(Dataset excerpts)

--

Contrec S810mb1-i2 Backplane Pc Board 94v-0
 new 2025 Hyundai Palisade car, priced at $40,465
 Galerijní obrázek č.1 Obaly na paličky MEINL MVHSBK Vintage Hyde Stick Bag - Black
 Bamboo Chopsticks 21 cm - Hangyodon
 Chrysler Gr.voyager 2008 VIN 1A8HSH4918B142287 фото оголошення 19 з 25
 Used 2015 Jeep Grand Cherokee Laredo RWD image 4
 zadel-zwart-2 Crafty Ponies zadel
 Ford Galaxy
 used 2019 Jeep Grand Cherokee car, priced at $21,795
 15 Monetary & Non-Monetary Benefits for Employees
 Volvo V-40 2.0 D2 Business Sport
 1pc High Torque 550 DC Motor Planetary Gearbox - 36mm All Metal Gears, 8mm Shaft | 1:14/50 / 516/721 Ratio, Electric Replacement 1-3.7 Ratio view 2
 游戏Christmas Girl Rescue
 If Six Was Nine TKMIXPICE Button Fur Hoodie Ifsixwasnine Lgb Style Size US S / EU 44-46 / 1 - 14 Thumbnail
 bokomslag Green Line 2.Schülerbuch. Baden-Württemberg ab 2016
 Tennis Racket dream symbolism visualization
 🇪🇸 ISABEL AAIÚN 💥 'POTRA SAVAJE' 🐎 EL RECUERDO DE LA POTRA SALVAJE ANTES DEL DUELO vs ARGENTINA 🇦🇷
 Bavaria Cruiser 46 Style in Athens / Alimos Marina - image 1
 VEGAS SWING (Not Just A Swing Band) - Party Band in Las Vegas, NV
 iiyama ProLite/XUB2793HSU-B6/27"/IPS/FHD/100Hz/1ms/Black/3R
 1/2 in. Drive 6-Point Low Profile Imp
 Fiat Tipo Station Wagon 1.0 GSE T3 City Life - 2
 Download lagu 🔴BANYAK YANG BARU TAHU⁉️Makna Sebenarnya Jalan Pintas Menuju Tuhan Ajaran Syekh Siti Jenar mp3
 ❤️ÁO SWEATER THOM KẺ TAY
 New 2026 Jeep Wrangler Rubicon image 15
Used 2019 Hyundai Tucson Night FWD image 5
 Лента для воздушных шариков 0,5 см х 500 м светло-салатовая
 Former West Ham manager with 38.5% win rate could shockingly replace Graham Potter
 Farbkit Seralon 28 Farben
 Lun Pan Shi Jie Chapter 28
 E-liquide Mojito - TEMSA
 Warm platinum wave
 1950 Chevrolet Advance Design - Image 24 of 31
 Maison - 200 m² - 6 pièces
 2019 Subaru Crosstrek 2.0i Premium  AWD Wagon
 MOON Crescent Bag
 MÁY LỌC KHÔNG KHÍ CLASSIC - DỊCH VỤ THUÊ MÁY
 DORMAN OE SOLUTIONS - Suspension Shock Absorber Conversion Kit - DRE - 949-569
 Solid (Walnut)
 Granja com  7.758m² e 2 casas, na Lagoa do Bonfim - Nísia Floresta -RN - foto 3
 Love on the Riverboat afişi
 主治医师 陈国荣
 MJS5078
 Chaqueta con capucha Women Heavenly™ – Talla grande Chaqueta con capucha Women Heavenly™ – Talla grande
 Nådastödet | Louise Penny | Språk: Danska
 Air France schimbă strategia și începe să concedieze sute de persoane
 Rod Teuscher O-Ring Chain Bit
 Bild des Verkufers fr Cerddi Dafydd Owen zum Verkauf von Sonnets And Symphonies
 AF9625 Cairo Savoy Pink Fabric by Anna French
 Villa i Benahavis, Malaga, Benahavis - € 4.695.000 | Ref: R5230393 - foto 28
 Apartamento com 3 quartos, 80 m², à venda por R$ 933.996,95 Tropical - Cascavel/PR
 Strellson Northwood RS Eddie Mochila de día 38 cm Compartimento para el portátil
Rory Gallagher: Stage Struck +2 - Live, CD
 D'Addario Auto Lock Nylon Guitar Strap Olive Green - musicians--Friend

--

Scan the records for the word "Green". Copy each line where it turns up.

 bokomslag Green Line 2.Schülerbuch. Baden-Württemberg ab 2016
 D'Addario Auto Lock Nylon Guitar Strap Olive Green - musicians--Friend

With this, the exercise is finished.